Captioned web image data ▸
:::
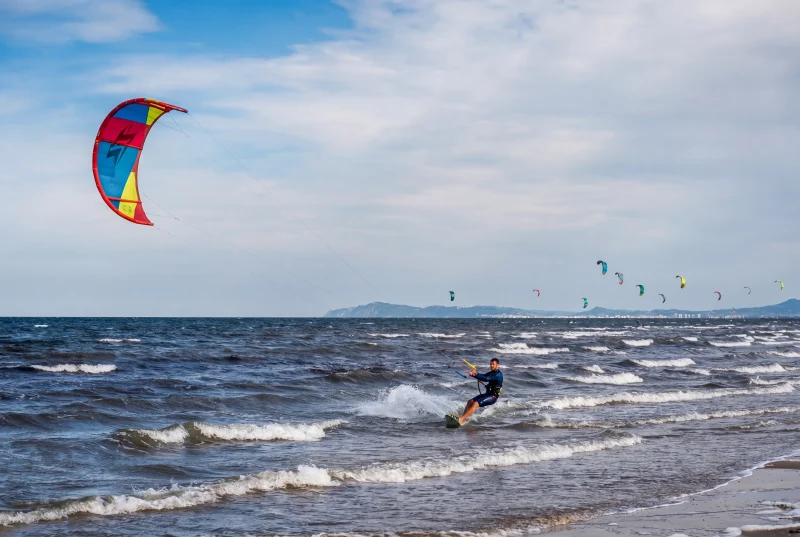 Kitesurf sulla Riviera Romagnola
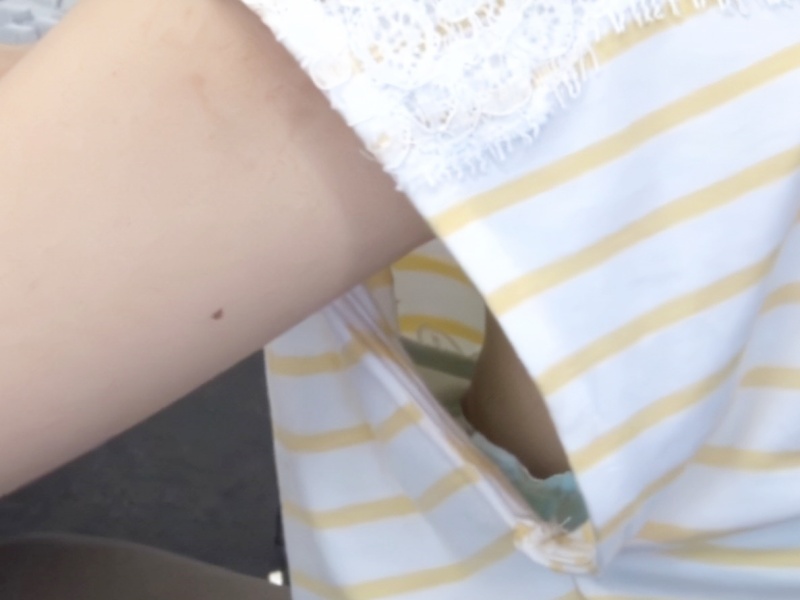 【盗撮動画】全男子の股間を熱くさせるノースリーブの隙間から乳首見え胸チラ、発見される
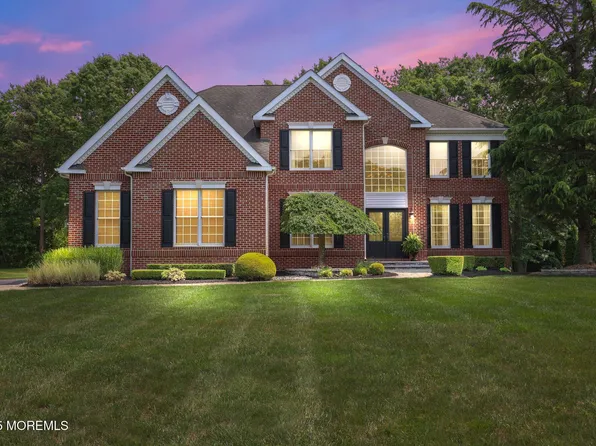 8 Mackenzie Court, Freehold, NJ 07728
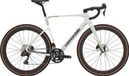 Cannondale SuperX 2 Gravelbike mit Shimano GRX Di2 12-Gang-Schaltung, 700 mm, Cashmere/Weiß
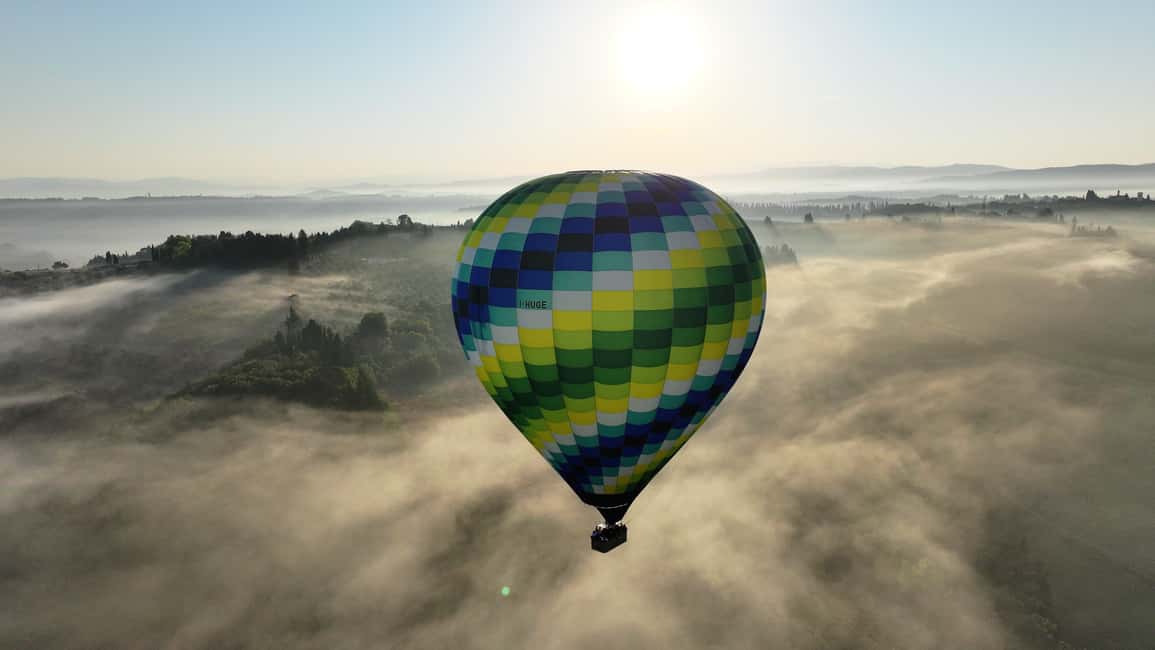 image n.14 of Florence: Balloon Flight Over Tuscany activity in Florence, uploaded by supplier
:::
About this exercise ▸ Take the line with "8 Mackenzie Court, Freehold, NJ 07728" as the first line and the last line of the records above as the final one; reproduce exactly the lines between them, both included, without pictures.

Written response ▸
 8 Mackenzie Court, Freehold, NJ 07728
 Cannondale SuperX 2 Gravelbike mit Shimano GRX Di2 12-Gang-Schaltung, 700 mm, Cashmere/Weiß
 image n.14 of Florence: Balloon Flight Over Tuscany activity in Florence, uploaded by supplier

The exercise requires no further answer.